In the 365 Oldtimer Museum you can see cars that have taken part in Hungarian touring races and star tours, such as the Mercedes A200 Cabriolet and the Mercedes-Benz SL 190 convertible. This article is about an Italian touring car race, and although the museum is currently dominated by a German theme, this does not exclude the possibility of Italian cars taking over the role in the future, in the context of Italian themed weeks. But while that is yet to happen, let’s take a look at one of the most popular Italian races, the Mille Miglia, an open road endurance race in Italy. Organised 24 times between 1927 and 1957, the annual race was launched by the young Counts Francesco Mazzotti and Aymo Maggi, together with motoring journalist Giovanni Canestrini and sports manager Renzo Castagneto. The distance from Brescia to Rome and back was about 1500 km. Several car brands have made a name for themselves in the Mille Miglia, including Mercedes-Benz, Maserati, Ferrari, BMW, Alfa Romeo and Porsche. This is partly due to the fact that the race attracted an estimated 5 million spectators. Alfa Romeo has claimed the most wins in the history of the race.

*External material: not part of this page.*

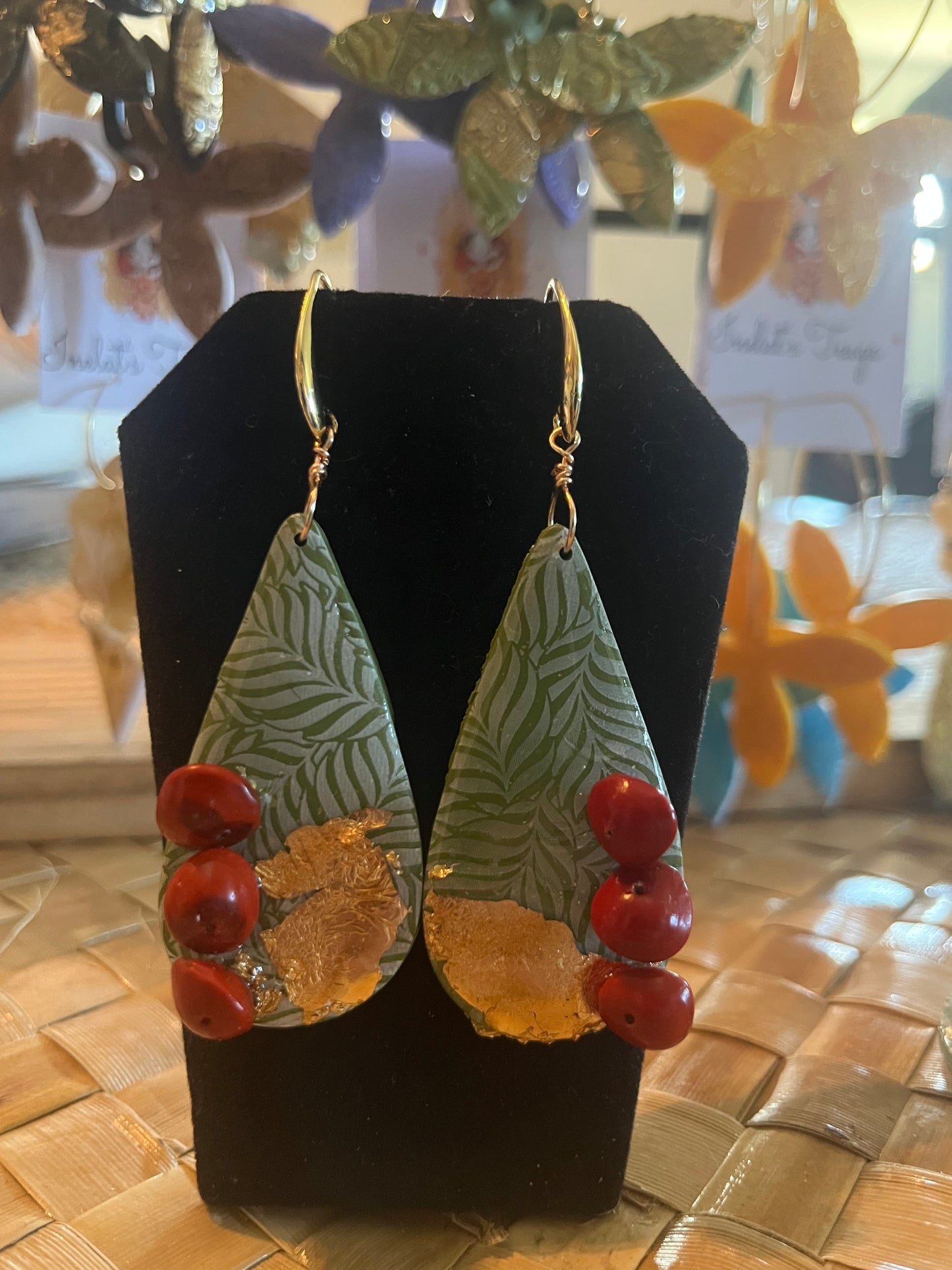 LOPA earrings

The first race was organised on 26 March 1927, with seventy-seven Italian competitors, fifty-one of whom finished. The first Mille Miglia was 1.618 km long. Entries were strictly limited to unmodified production cars. The winner, Giuseppe Morandi, completed the distance in 21 hours and 5 minutes at an average speed of 78 km/h in his OM car.

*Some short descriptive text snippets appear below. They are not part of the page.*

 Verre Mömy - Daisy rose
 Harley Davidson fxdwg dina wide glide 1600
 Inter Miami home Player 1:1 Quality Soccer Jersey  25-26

The event was usually won by local Italian drivers and brands, but three wins were taken by foreign cars. The first was in 1931, when German engineers Rudolf Caracciola and Wilhelm Sebastian won in a Mercedes-Benz SSKL car, the first to exceed an average speed of 100 km/h.
In 1938, a serious accident claimed 11 lives and the race was cancelled in 1939. The solution was a 100 km circuit on the plains of northern Italy in 1940. The race was then called the Brescia Grand Prix. Although the race was mainly dominated by Italian manufacturers, the aerodynamically improved BMW 328, driven by the German Huschke von Hanstein and Walter Bäumer, won the high-speed race with an all-time high average of 166 km/h.

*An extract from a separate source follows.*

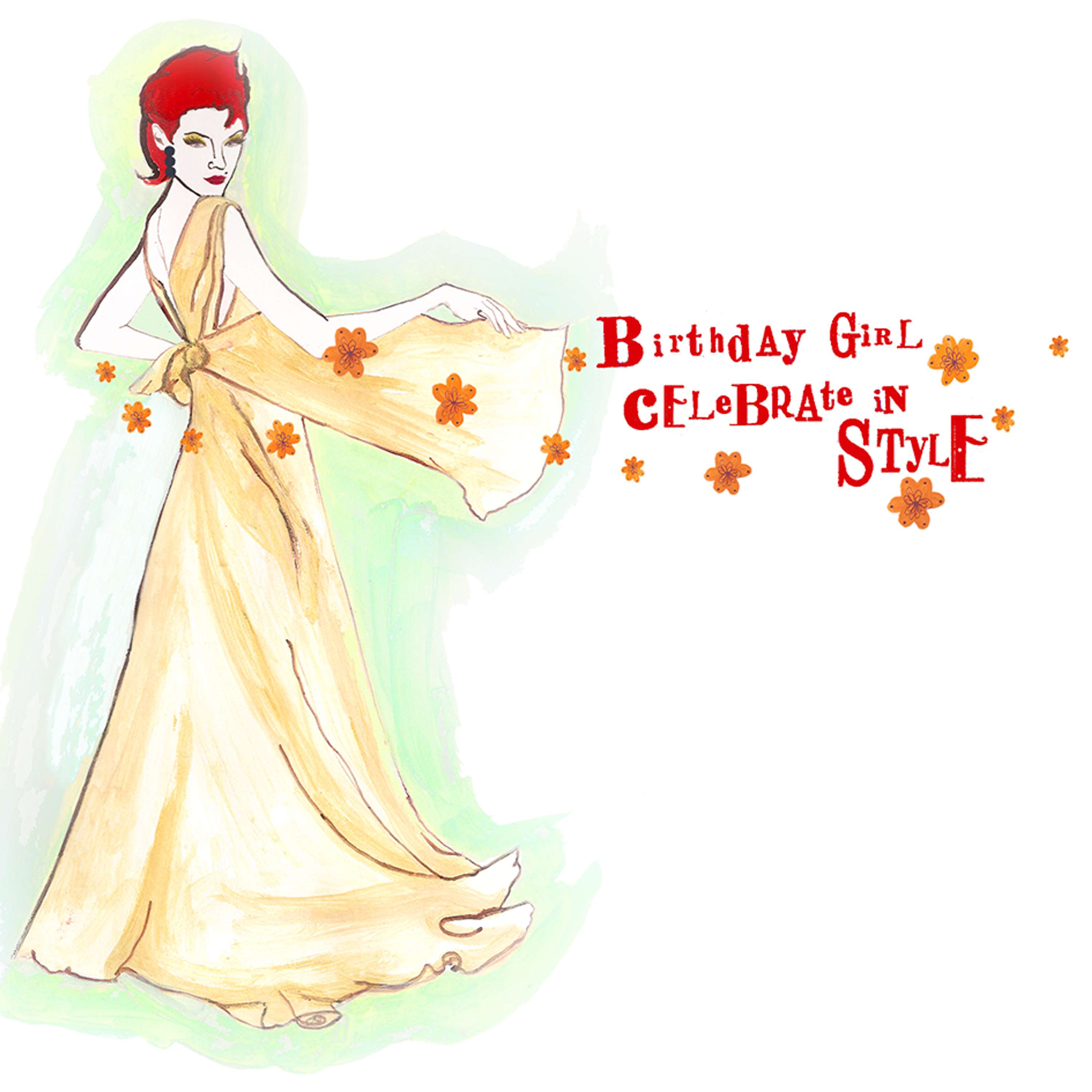 So Glamorous... by Fancypantsrodgers Illustration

From 1941-46, the race was not organised due to the Second World War. From 1947, the Italians dominated the field again, as before, and returned to the original concept of one big lap in the country, rather than nine laps in a single circuit.
Few foreigners scored podium finishes in the 1950s, one of them is an Argentine racer, Juan Manuel Fangio, whose life was featured in our April 2 newsletter and is currently available on our website. Another notable foreign driver in the race is Sir Stirling Moss, who competed in the 1955 Miglia in a Mercedes-Benz 300 SLR. They ran six reconnaissance laps before the start, during which his navigator Denis Jenkinson made track notes that occupied a 540 cm long roll of paper.
During the race, Jenkinson used the notes to give Moss instructions using a coded system of 15 hand signals. The reconnaissance laps, incidentally, were seen by the pair as an equaliser, as they were up against competitors who had a significant advantage due to their local knowledge. They completed the race distance in 10 hours, 7 minutes and 48 seconds at an average speed of 157 km/h, setting a record for the 1,597 km version of the race, which was never beaten in the remaining two years of the race.
Unfortunately, the race was not only dangerous for the drivers but also for the spectators. In its 30-year history, a total of 56 people have died, 24 of them drivers and the rest of them spectators. Following two fatal accidents in 1957, the race was continued as a rally from 1958 to 1961, the last year of the original series, after which it was never held again.
The race left a big emptiness, however, and from 1977 onwards a successor to the original race was dreamed up, which ran under the name of the Mille Miglia Storica. Participation is limited to cars produced no later than 1957.
The route (Brescia-Rome and back) is similar to the original race. It is still a prestigious motoring event and attracts hundreds of drivers and thousands of spectators every year.